What House of Guinness is actually about
Set between Dublin and New York in the late 1800s, the show centers on Sir Benjamin Guinness — the beer magnate who built the business with his father when he was still a teenager — and the chaos that follows his death in 1868. With Benjamin gone, his will becomes the spark for a very Victorian succession brawl among four adult children: Arthur, Anne, Ben (Benjamin Jr.), and Edward.
Arthur is the eldest and steps into leadership. Edward is the youngest — and in real life, he’s the one who eventually turned the company into such a juggernaut that he became the richest man in Ireland. The series digs into the egos, alliances, and bad decisions that come with trying to live up to a legendary name.

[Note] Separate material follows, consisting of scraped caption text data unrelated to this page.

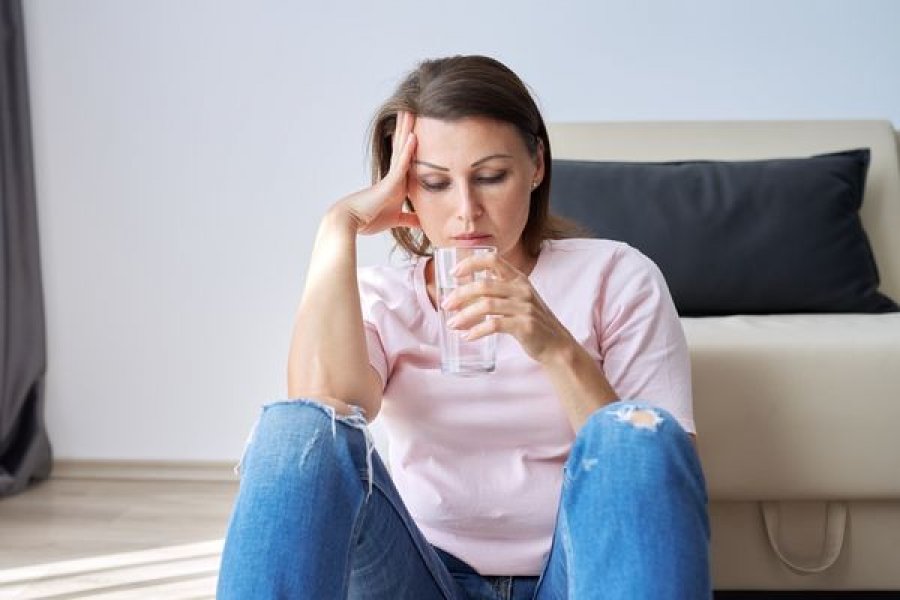 A mund të mbeteni shtatzënë pas menopauzës?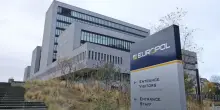 La banca dati &ldquo;clandestina&rdquo; di Europol
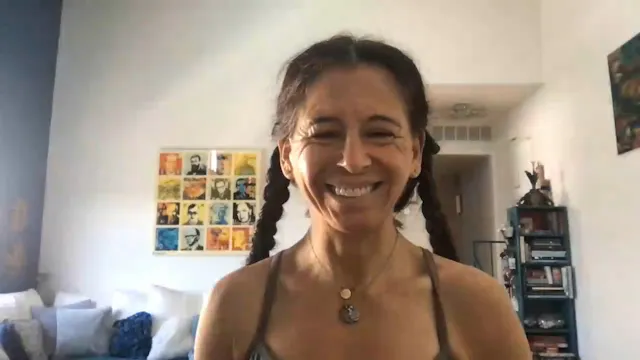 Live Interactive Q & A with Shana "Un...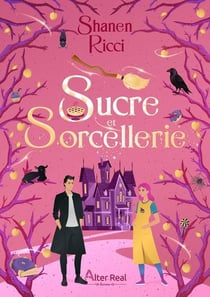 Sucre & Sorcellerie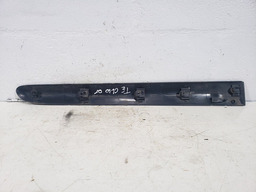 FRISO PORTA TRASEIRA ESQUERDA RENAULT CLIO 2001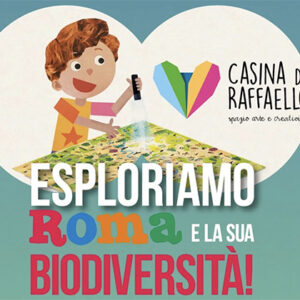Roma e la sua biodiversità
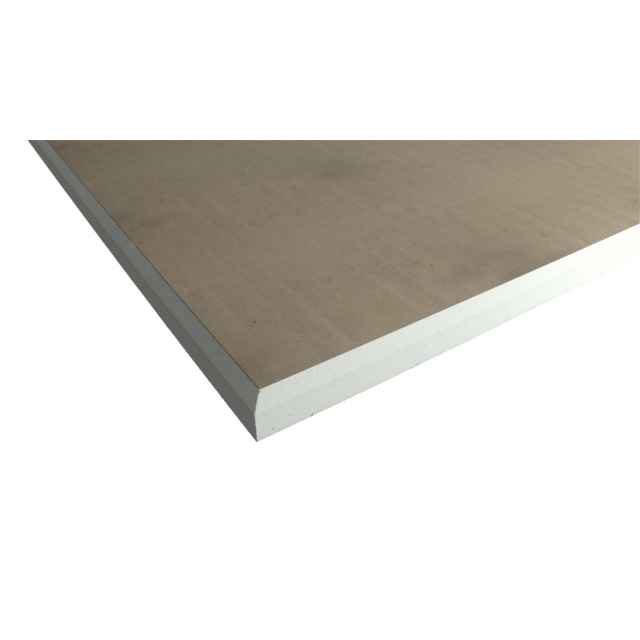 KORTPLANK GIPS GKP 13X600X1800 1,08M2            (50) | Beijerbygg Byggmaterial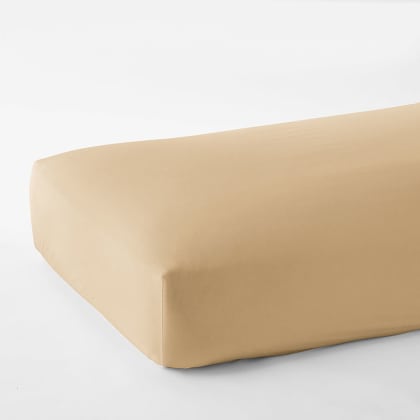 Legends Hotel™ Supima® Cotton Sateen Fitted Sheet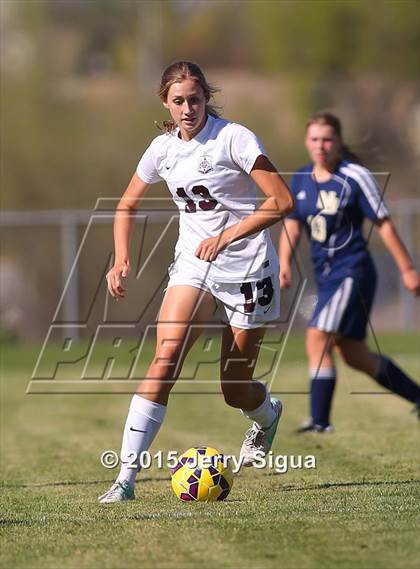 Thumbnail 1 in Nevada Union @ Woodcreek photogallery.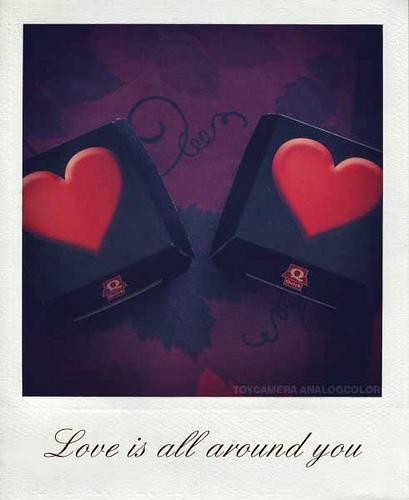 Sur un rythme estival... loveisintheair1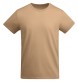 T-shirt a maniche corte in cotone biologico da uomo Breda FullGadgets.com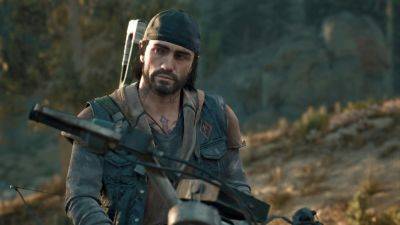 Джон Гарвин - Создатель Days Gone недоволен, что Sony не упомянула игры Bend Studios в ролике, посвящённом 30-летию PlayStation - playground.ru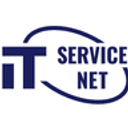 GO InTech - IT-Service-Net logo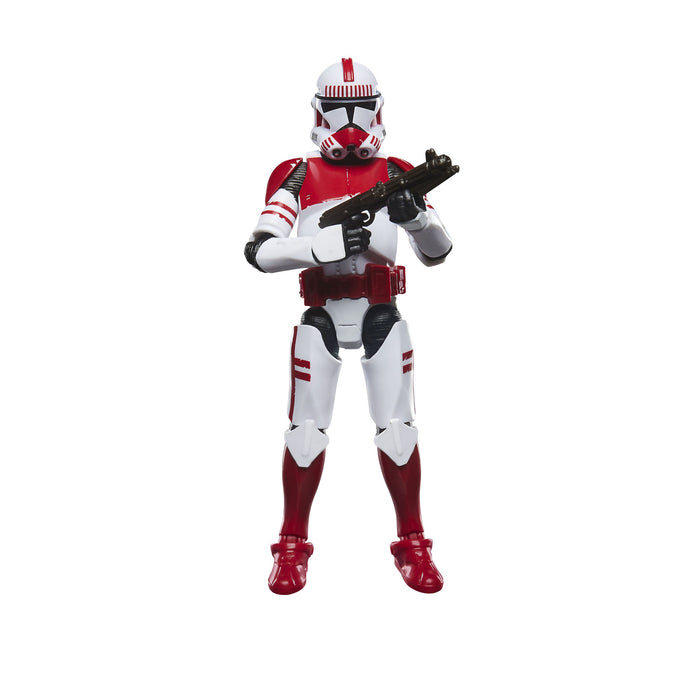 Star Wars: The Clone Wars Vintage Collection Actionfigur Imperial Shock Trooper 10 cm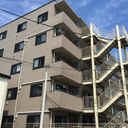 ステイツ鶴間 外観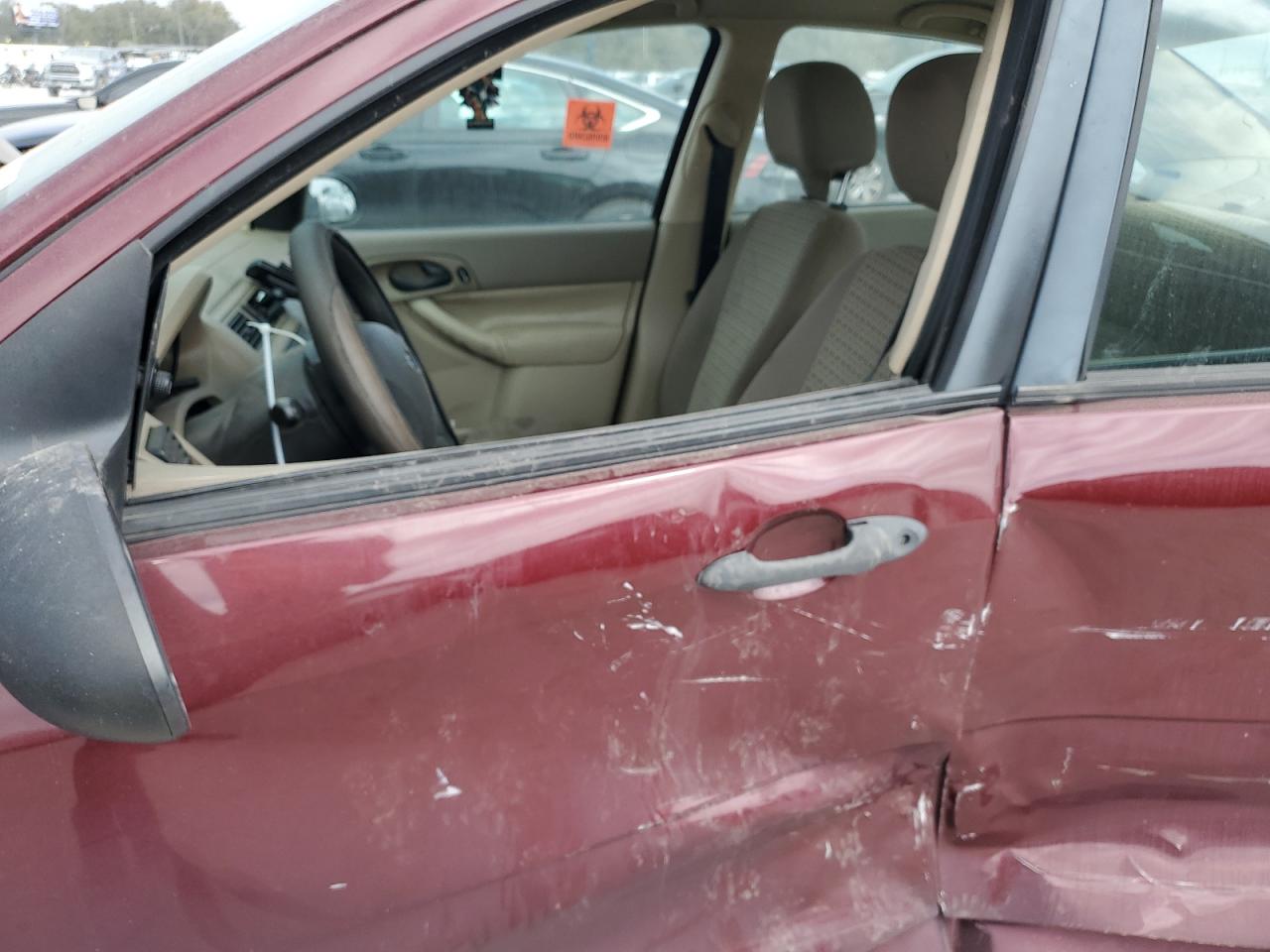 2007 Ford Focus - Image 7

"Here is a deceased father deciding the fate of his children. The will determines the trajectory of each of those siblings. What is a better place to start a drama than that? They all receive whatever they receive. None of them are happy."
Knight is clearly in succession-mode here, not gangster-mode. The Arthur/Edward dynamic is the engine: Arthur would rather decamp to London for a hedonistic whirl, while Edward is painted as principled and assertive — the sibling who knows what he thinks and doesn’t blink when it’s time to take a stand.
Cast (and who plays who)
- Anthony Boyle (Say Nothing) as Arthur Guinness
- Louis Partridge (Enola Holmes) as Edward Guinness
- Emily Fairn (Black Mirror) as Anne Guinness
- Fionn O'Shea (Normal People) as Ben Guinness Jr.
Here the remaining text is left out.